I - Revela-se inadmissível o recurso quando suas razões mostram-se dissociadas do conteúdo da decisão que se pretende reformar. Isso porque, de acordo com o inciso II do artigo 514 do Código de Processo Civil, a apelação deve conter os fundamentos de fato e de direito que possam justificar a revisão postulada.
II – O benefício da gratuidade de justiça pode ser postulado a qualquer tempo e em qualquer grau de jurisdição. Para seu deferimento, no caso de pessoa física, basta a declaração, feita pelo interessado, de que sua situação econômica não permite arcar com os ônus processuais sem prejuízo de seu próprio sustento ou de sua família (Lei 1.060/50. Art. 4º). Esta afirmação de pobreza, na forma da lei, goza de presunção iuris tantum de veracidade, razão pela qual caberá à parte recorrida, se for o caso, a prova em contrário da hipossuficiência alegada.

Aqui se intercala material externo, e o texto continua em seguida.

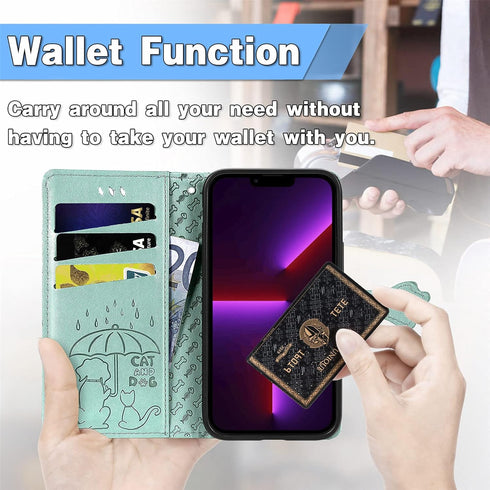 CCSmall PU Leather Flip Wallet Case for iPhone 14 Plus, Cute Cat Dog Cartoon Style with ID Card Holder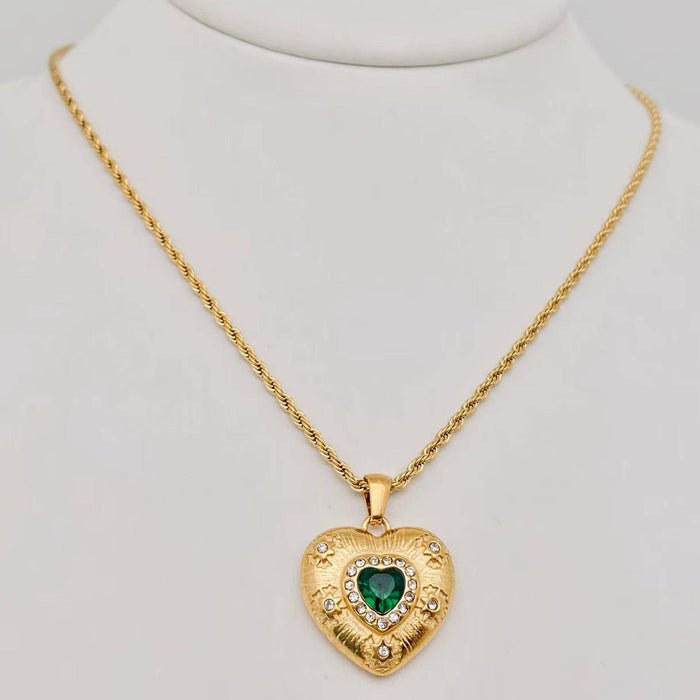 Green Zirconia Gold Heart Pendant Necklace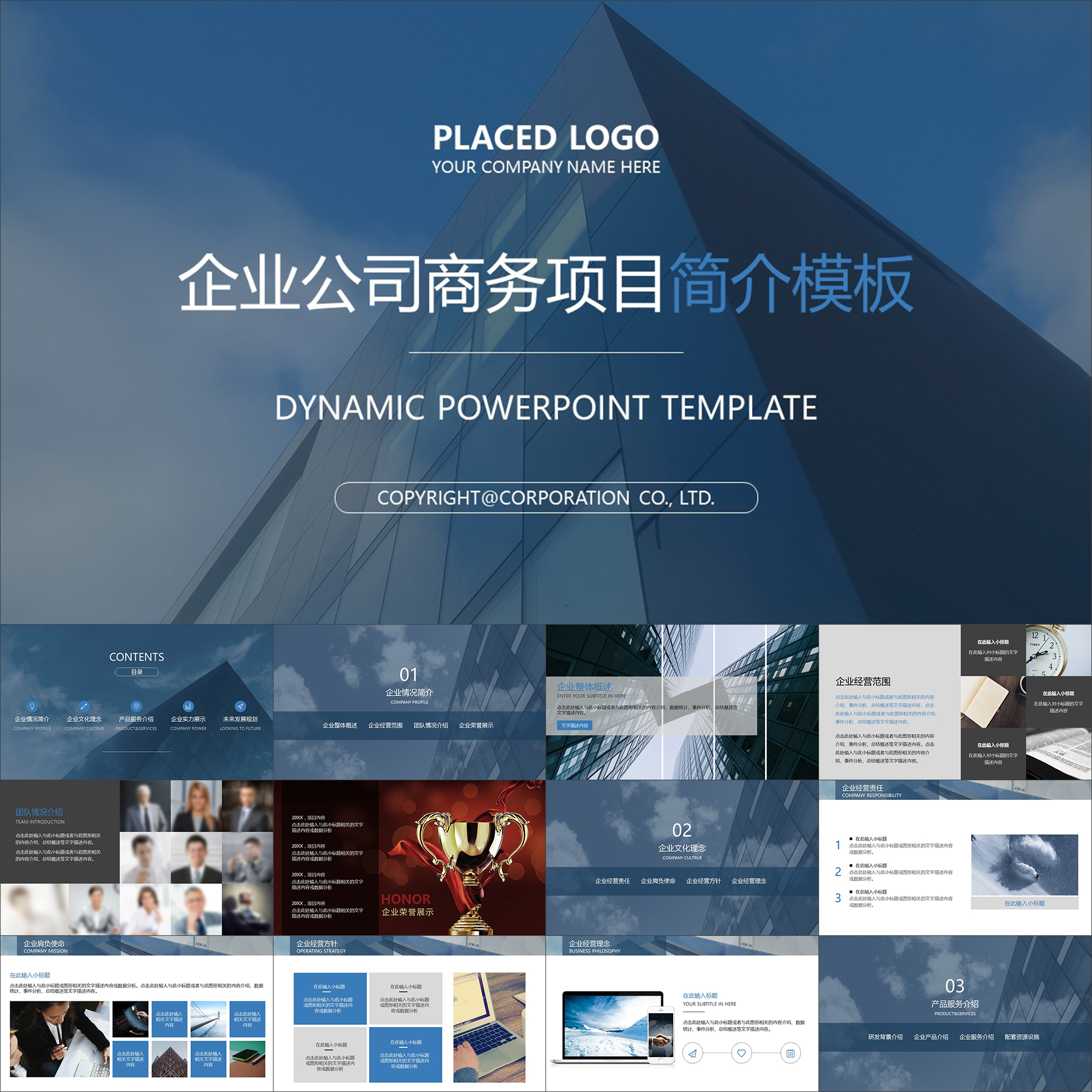 【动态PPT】深蓝稳重大气企业公司商务项目简介介绍高档PPT模板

III - Contudo, em que pese a presunção relativa de veracidade da declaração de hipossuficiência, a Lei nº 1.060/50, em seu artigo , caput, ressalva ao magistrado a possibilidade de afastar o benefício da justiça gratuita quando não forem cumpridos os requisitos legais e estiverem presentes fortes elementos capazes de contrariar a alegada presunção.
IV - Entretanto, ainda que se admita o controle ex officio do juiz e, por ser relativa a presunção, cumpre destacar que o parâmetro utilizado pelo magistrado a quo, qual seja, a ausência de comprovante ou quaisquer outro documento que demonstre a percepção de rendimentos mensais aquém da faixa de isenção do imposto de renda, não encontra amparo legal. Isso porque, para afastar a referida presunção de hipossuficiência não basta a fixação de tal critério objetivo, visto que apenas elementos fáticos são capazes de determinar se o requerente tem ou não possibilidade de arcar com as despesas processuais e os honorários de sucumbência sem prejuízo do sustento próprio e o de sua respectiva família.
V - Apelação conhecida em parte e, nesta parte, provida.

Decisão

Vistos e relatados os presentes autos em que são partes as acima indicadas, decide a Sétima Turma Especializada do Tribunal Regional Federal da 2a Região, por unanimidade, conhecer em parte da apelação e, nesta parte, dar-lhe provimento, na forma do Relatório e do Voto, que ficam fazendo parte do presente julgado.